January 08, 2012
On 08.01.2012 11:27, Jonathan M Davis wrote:
> On Sunday, January 08, 2012 11:02:41 simendsjo wrote:
>> On 08.01.2012 10:43, Jonathan M Davis wrote:
>>> On Sunday, January 08, 2012 03:24:22 Kapps wrote:
>>>> Ah, found the bug / pull request.
>>>>
>>>> https://github.com/D-Programming-Language/dmd/pull/597
>>>> http://d.puremagic.com/issues/show_bug.cgi?id=4523
>>>
>>> Ah, TDPL says that it returns bool. Well, then it definitely needs to be
>>> changed, and it's good to see that that there's a pull request for it.
>>> So, it should be fixed in the next release. In fact, the number of
>>> TDPL-related bugs fixed for the next release should be quite high,
>>> which is great.
>>>
>>> - Jonathan M Davis
>>
>> Wouldn't it make sense to return a pointer to the item being
>> removed/null? This way you can continue to work with the item, and it
>> would be consistent with `in`.
>>
>> if (auto item = aa.remove(key)) {
>>     // some additional work on item
>> } else { // not found
>>     // throw or something
>> }
>
> Since the element has been removed from the container, what would the pointer
> point to? The element doesn't exist anymore.
>
> - Jonathan m Davis

I was thinking it could be a shorthand for the following:

auto item = key in aa;
if (item) key.remove(key);

January 08, 2012
On 1/8/12, simendsjo <simendsjo@gmail.com> wrote:
> Wouldn't it make sense to return a pointer to the item being removed/null?

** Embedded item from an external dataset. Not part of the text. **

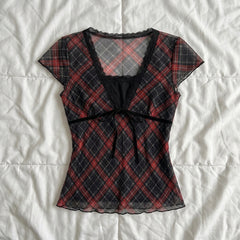 2000s Mesh Lace Trim V-Neck Top – Plaid Faux Two-Piece Smocked Ruffle Tee S–L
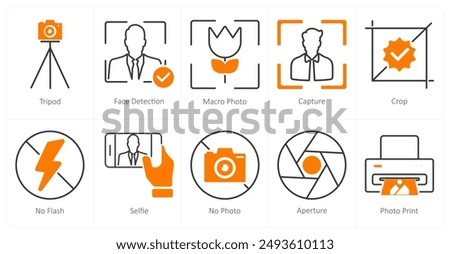 A set of 10 photography icons as tripod, face detection, macro photo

Seems like that would be even more costly. Personally I think returning bool is unnecessary, if we really want to know if something is in the hash we can check with the `in` operator.

I filed that bug ages ago simply because it was in TDPL, but I didn't really give it much thought.
January 08, 2012
On Sunday, January 08, 2012 11:33:51 simendsjo wrote:
> I was thinking it could be a shorthand for the following:
> 
> auto item = key in aa;
> if (item) key.remove(key);

I take it that you then intend to use item after that? I'm not sure that item is actually valid at that point. It points to memory which _was_ inside of aa but may or may not be now, depending on the AA implementation, and it may or may not be reused by aa. Because it's on the GC heap, the memory itself won't be invalid, but the memory could be reused by the AA for another element, depending on its implementation. If you're lucky, it's memory that's just sitting on the GC heap and now unrelated to the AA, but I wouldn't bet on it.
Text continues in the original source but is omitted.